Data items
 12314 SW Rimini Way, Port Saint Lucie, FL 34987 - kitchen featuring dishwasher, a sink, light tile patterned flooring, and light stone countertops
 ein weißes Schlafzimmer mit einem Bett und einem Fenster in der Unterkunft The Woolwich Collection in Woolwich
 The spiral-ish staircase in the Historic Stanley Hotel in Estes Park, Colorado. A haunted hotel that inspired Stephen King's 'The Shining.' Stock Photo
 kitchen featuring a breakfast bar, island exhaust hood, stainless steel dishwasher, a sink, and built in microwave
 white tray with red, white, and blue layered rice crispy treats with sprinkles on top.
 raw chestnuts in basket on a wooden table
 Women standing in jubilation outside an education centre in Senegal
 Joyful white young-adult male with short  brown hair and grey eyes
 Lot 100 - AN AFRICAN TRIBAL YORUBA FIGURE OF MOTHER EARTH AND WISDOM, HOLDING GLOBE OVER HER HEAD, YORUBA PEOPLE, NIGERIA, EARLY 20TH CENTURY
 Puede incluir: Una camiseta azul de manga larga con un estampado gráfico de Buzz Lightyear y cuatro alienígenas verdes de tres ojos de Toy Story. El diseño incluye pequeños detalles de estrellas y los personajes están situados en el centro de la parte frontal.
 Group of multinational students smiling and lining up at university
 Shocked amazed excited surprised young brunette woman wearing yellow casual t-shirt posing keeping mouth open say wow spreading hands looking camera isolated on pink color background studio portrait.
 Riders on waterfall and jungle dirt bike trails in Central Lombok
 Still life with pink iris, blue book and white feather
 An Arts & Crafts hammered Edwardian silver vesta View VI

Problem requirements
Reproduce, character for character, only the lines of the preceding data that start at the line with "The spiral-ish staircase" and end at the line with "Lot 100 - AN", both included.

Answer
 The spiral-ish staircase in the Historic Stanley Hotel in Estes Park, Colorado. A haunted hotel that inspired Stephen King's 'The Shining.' Stock Photo
 kitchen featuring a breakfast bar, island exhaust hood, stainless steel dishwasher, a sink, and built in microwave
 white tray with red, white, and blue layered rice crispy treats with sprinkles on top.
 raw chestnuts in basket on a wooden table
 Women standing in jubilation outside an education centre in Senegal
 Joyful white young-adult male with short  brown hair and grey eyes
 Lot 100 - AN AFRICAN TRIBAL YORUBA FIGURE OF MOTHER EARTH AND WISDOM, HOLDING GLOBE OVER HER HEAD, YORUBA PEOPLE, NIGERIA, EARLY 20TH CENTURY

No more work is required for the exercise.